Contact Tracing

10/29/20

Billy left his apartment for the first time in three weeks because he needed oranges and beer. He wore a mask but no gloves. In his building’s lobby he only touched the front doorknob. The super, Mr. Ramon, insisted that he had wiped that doorknob with alcohol not three minutes before Billy exited his place.

The lobby’s security cameras verified Mr. Ramon’s story.

Next, Billy visited The Dutchman, which sells beer from its front window. The bartender said that he wore a surgical mask and gloves during the entire transaction with Billy, who touched nothing except the six-pack of pilsner, which had sat in the fridge for three days preceding the transaction.
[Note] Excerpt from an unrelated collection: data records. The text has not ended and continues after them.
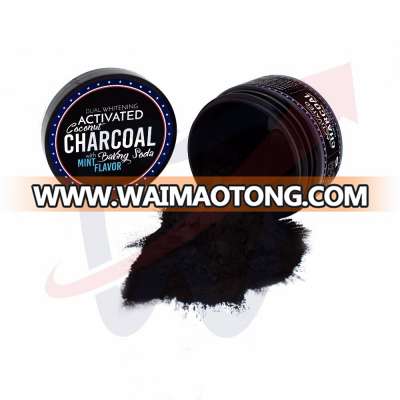 ACTIVATED COCONUT CHARCOAL TEETH WHITENING POWDER WITH BAKING SODA OEM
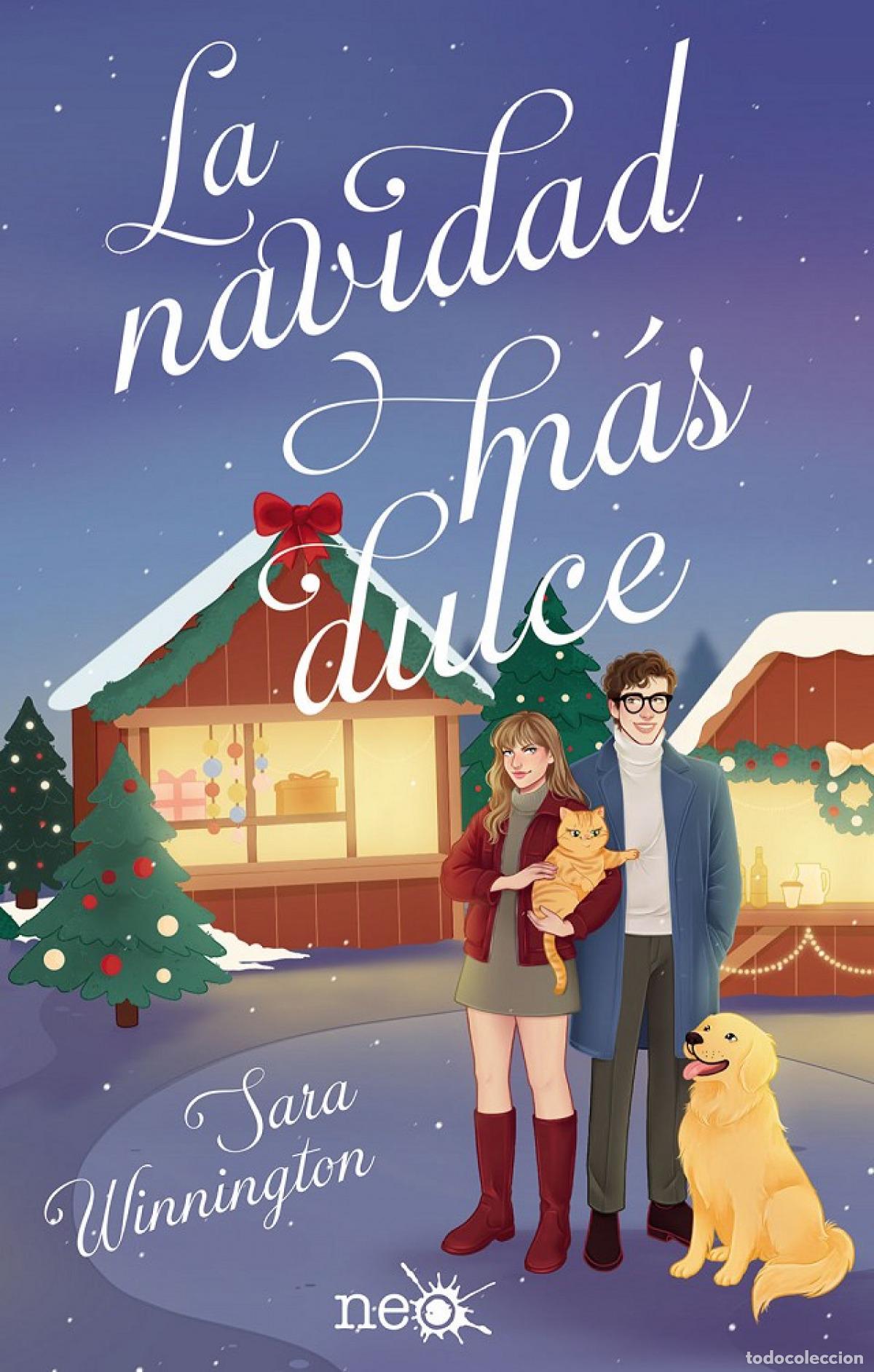 Livros em segunda m&atilde;o: LA NAVIDAD MAS DULCE - WINNINGTON,SARA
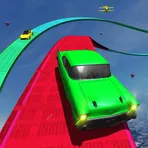 Mega Ramp Car Stunts логотип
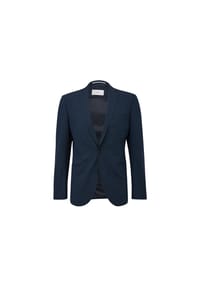 s.Oliver BLACK LABEL - Sakko, Reverskragen, Paspeltaschen, für Herren - 91N2 GREY/BLACK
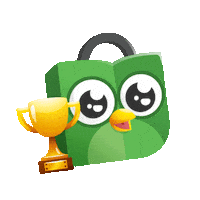 celebration winner Sticker by Tokopedia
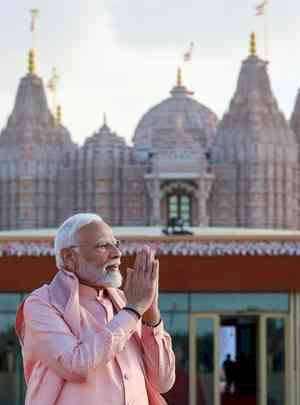 PM Modi’s ‘temple diplomacy’ boosts India-UAE ties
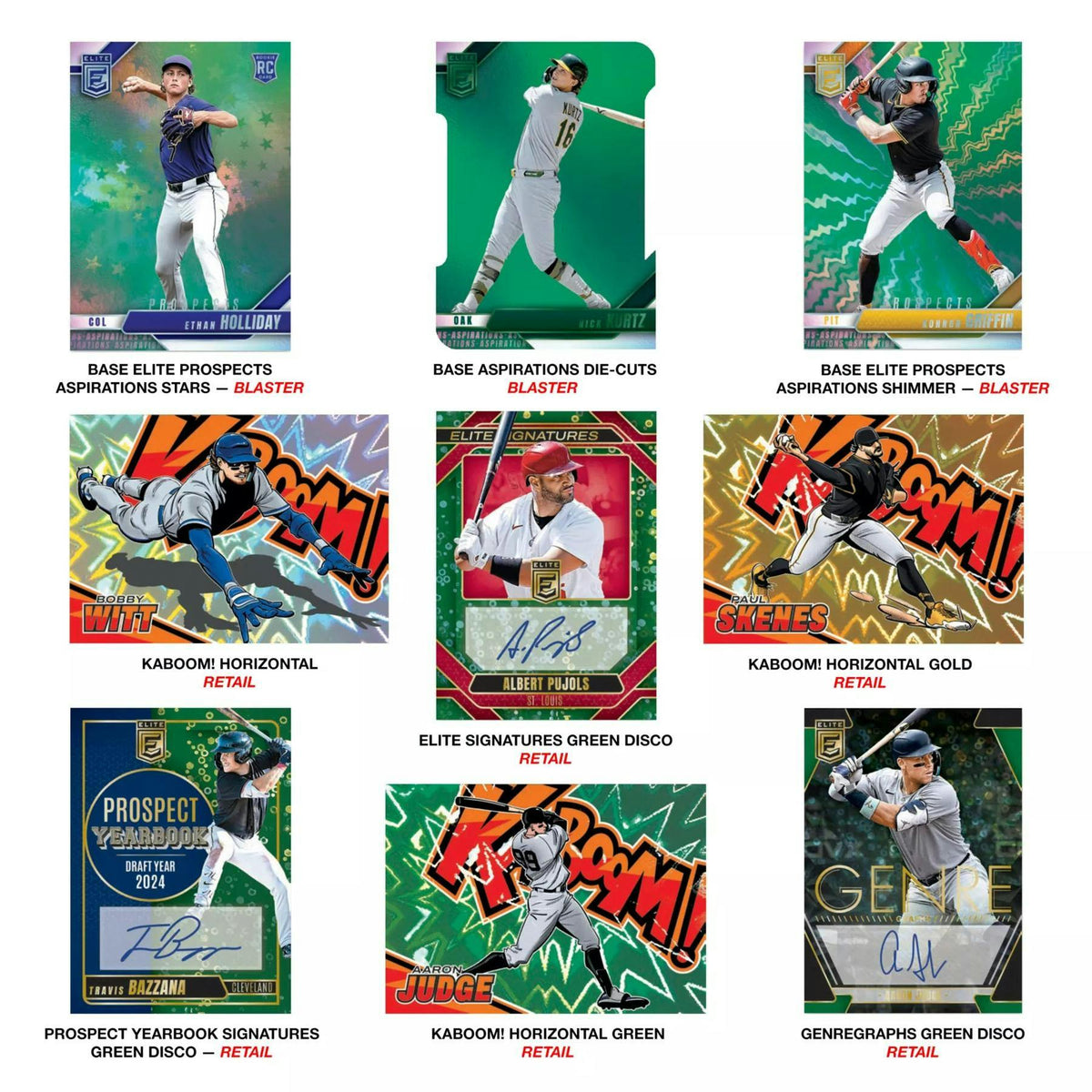 2026 Panini Donruss Elite Baseball Blaster Box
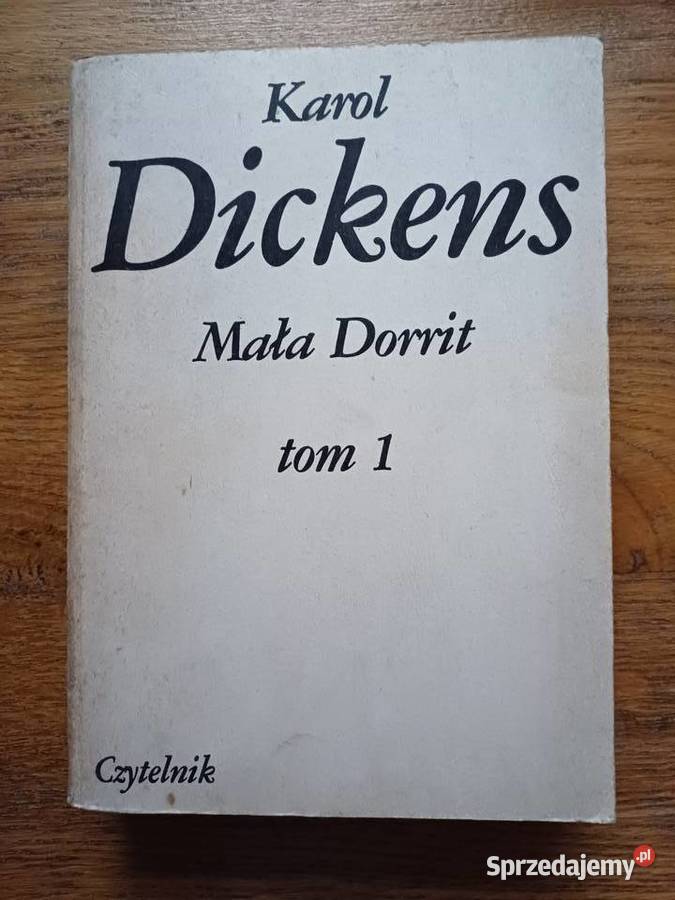 Mała Dorrit Karol Dickens 2 tomy małopolskie Kraków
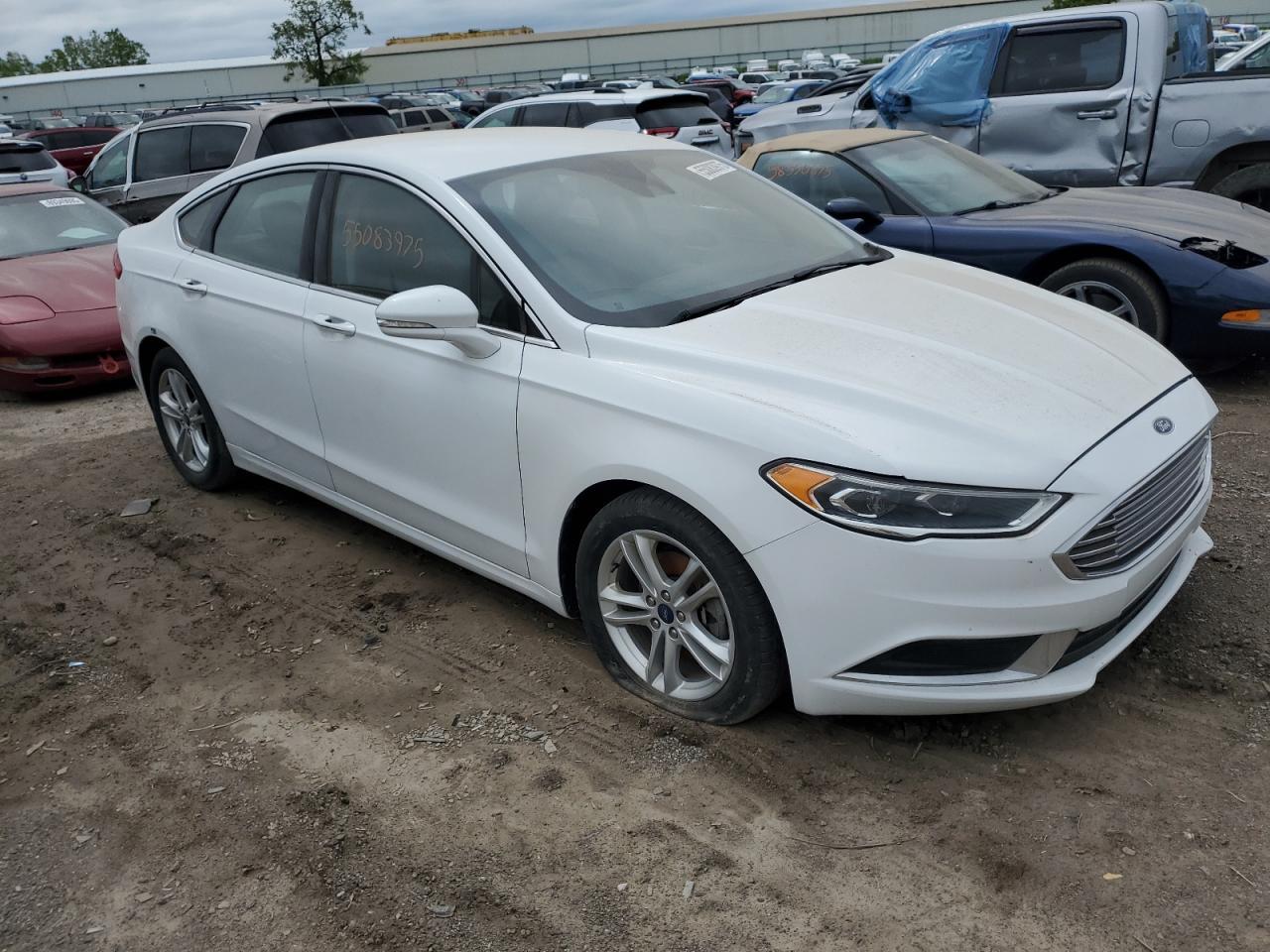 2018 Ford Fusion Se Hybrid - zdjęcie 4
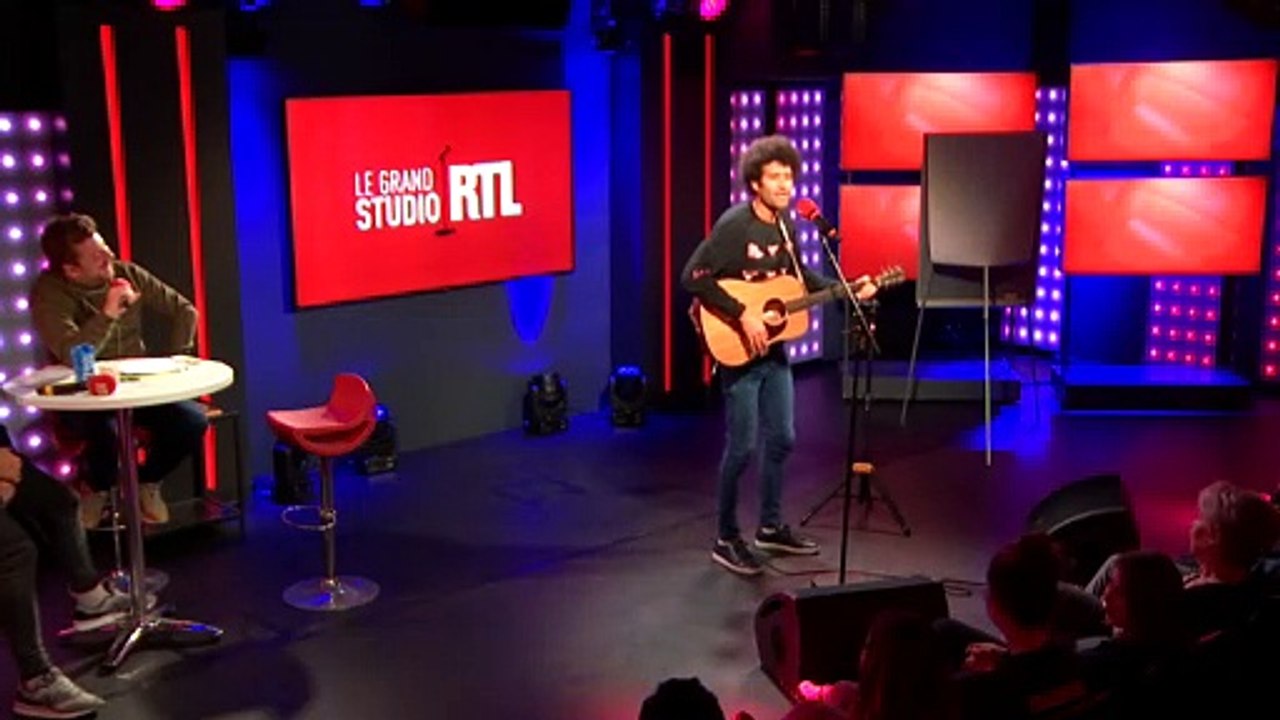 Alex Fredo - La chanson française - Le Grand Studio RTL Humour - Vidéo  Dailymotion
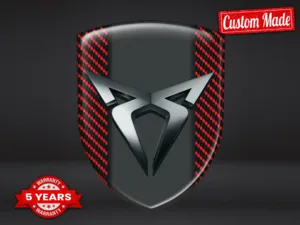 Seat Cupra Autocollants Vitre Arrière Max Pro Robustes Stylés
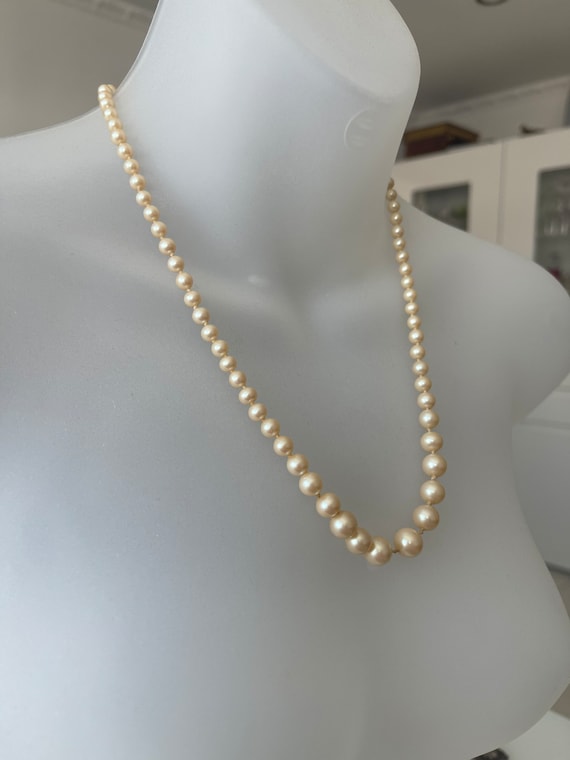 Collier Perles Jolie - Perles De 5 à 12mm - Style XIXème Siècle - Neuf Sans Emballage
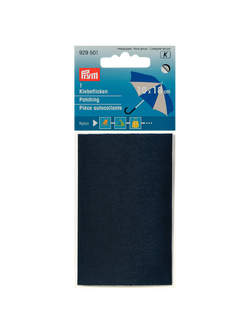 Prym Iron On Nylon Patch, Navy, Navy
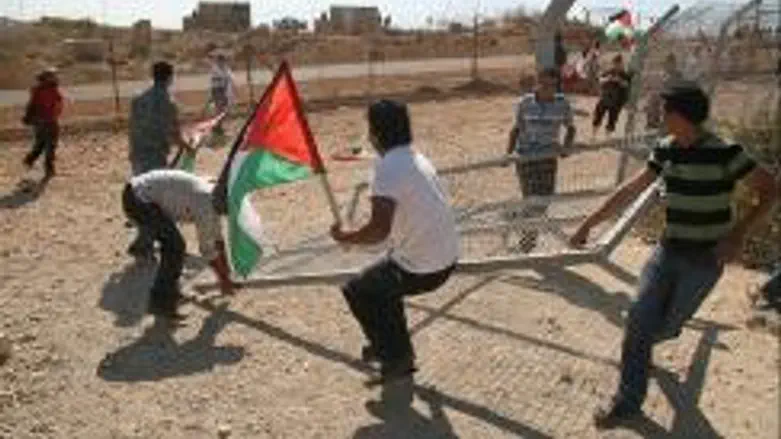 Bilin riot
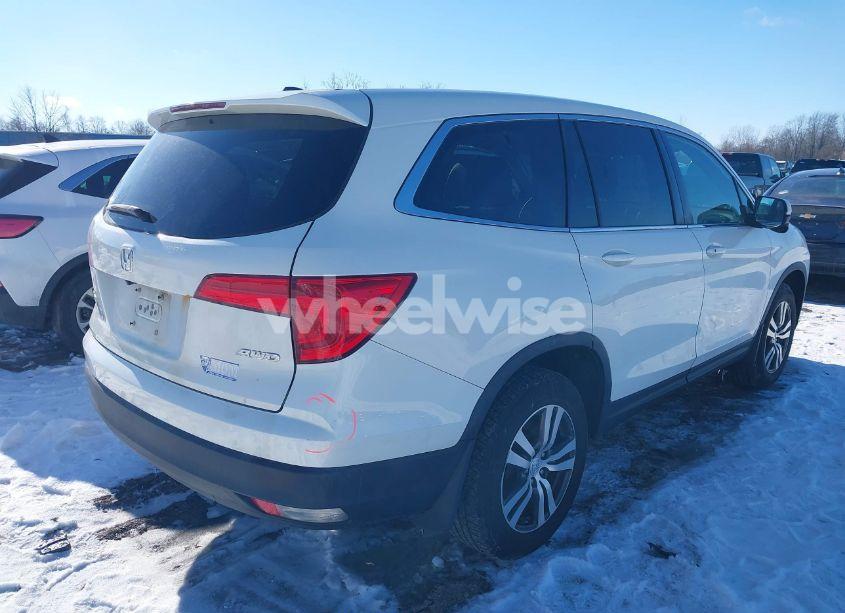 Photo 4 of 2016 Honda Pilot EX (VIN 5FNYF6H36GB041618)
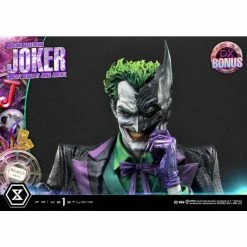 Prime 1 Studio DC Comics Museum Masterline The Joker (Jorge Jimenez Concept) Deluxe 1/3 Scale Limited Edition Statue (With Bonus)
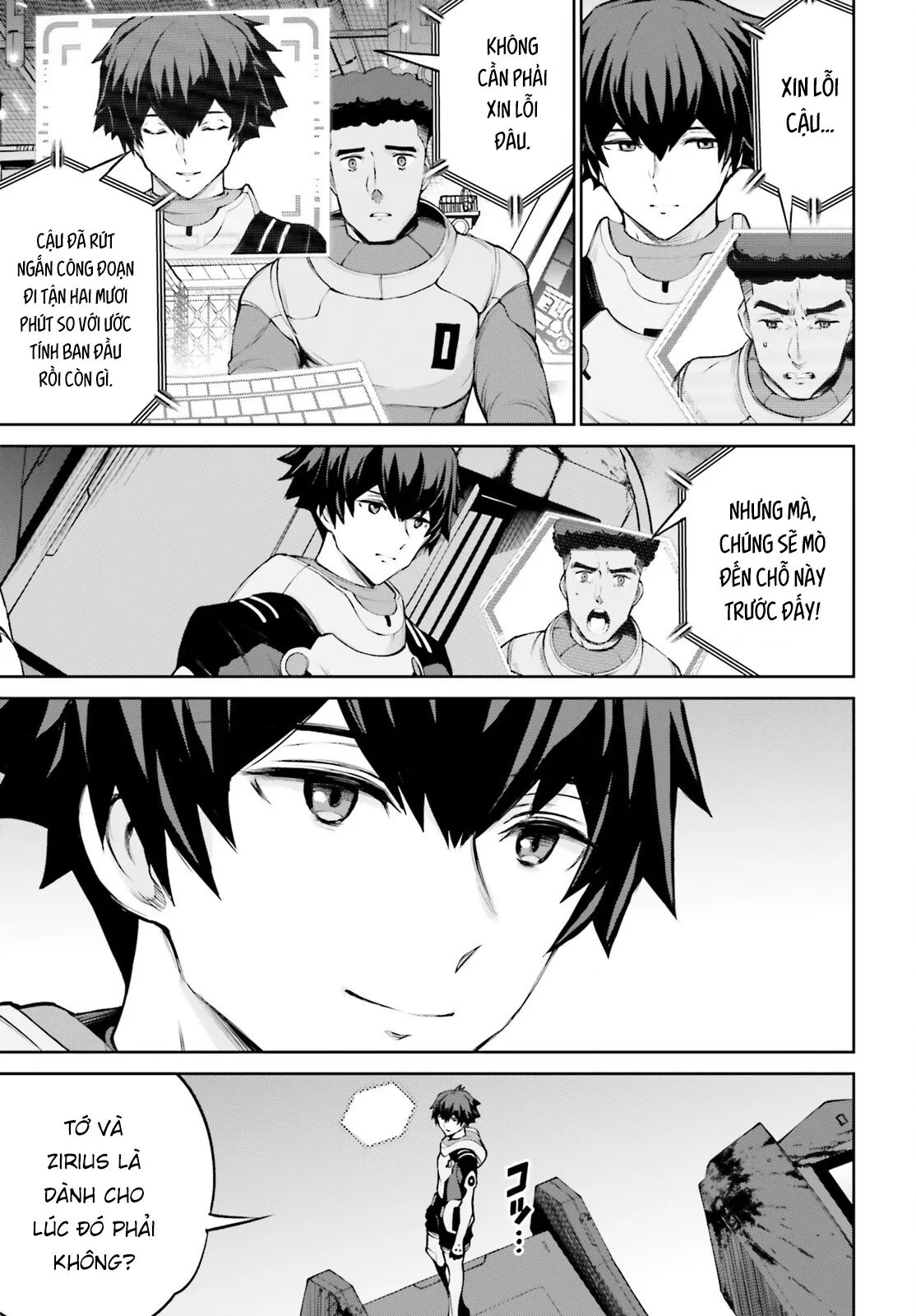 Mobile Suit Gundam Eight Chapter 1 - Trang 2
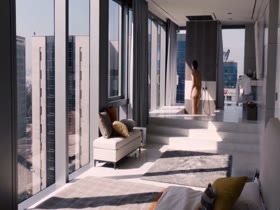 Doona Bae nude, boobs scene in Sense8 S01E04 1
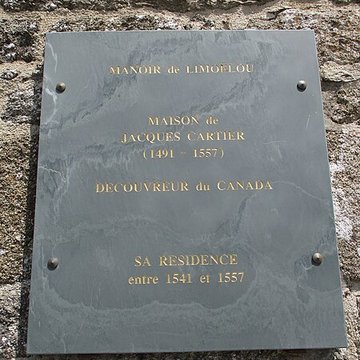 Manoir de Limoëlou maison de Jacques Cartier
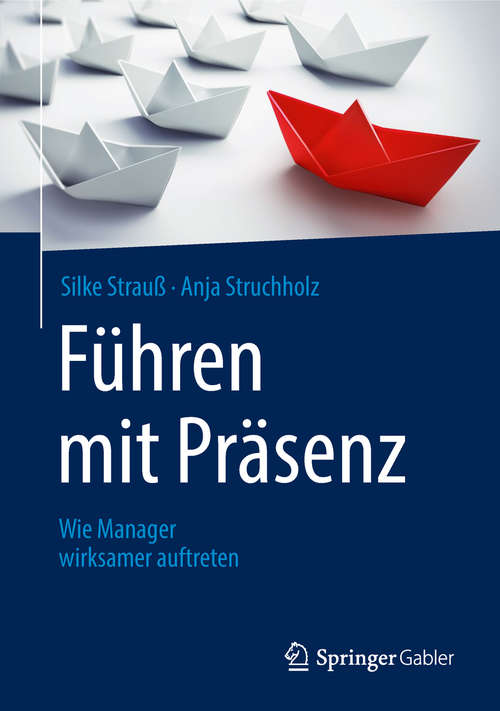 Book cover of Führen mit Präsenz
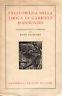 Crestomazia della lirica di Gabriele D'Annunzio - E. G. Palmieri - copertina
From The Dutchman it is a two-block walk to the grocery store, and impossible to tell who Billy might have encountered on the way. He was a cautious boy, though. He knew what the virus could do to him, with his kidney issues.

There were five people in the grocery store, including the two cashiers. Neither of them remembered Billy touching anything aside from the oranges, or ever removing his mask. One of them said that Billy made a joke about coming back to buy all the store’s bleach, and they laughed.

Ten days later, Billy died alone in a hospital bed.

It was a real mystery until the review of the store’s security footage, which revealed the middle-aged man in the back aisle, unmasked, who made a point of coughing as he looked Billy in the eye. One of those folks who just can’t get used to the need for face coverings at all times while indoors.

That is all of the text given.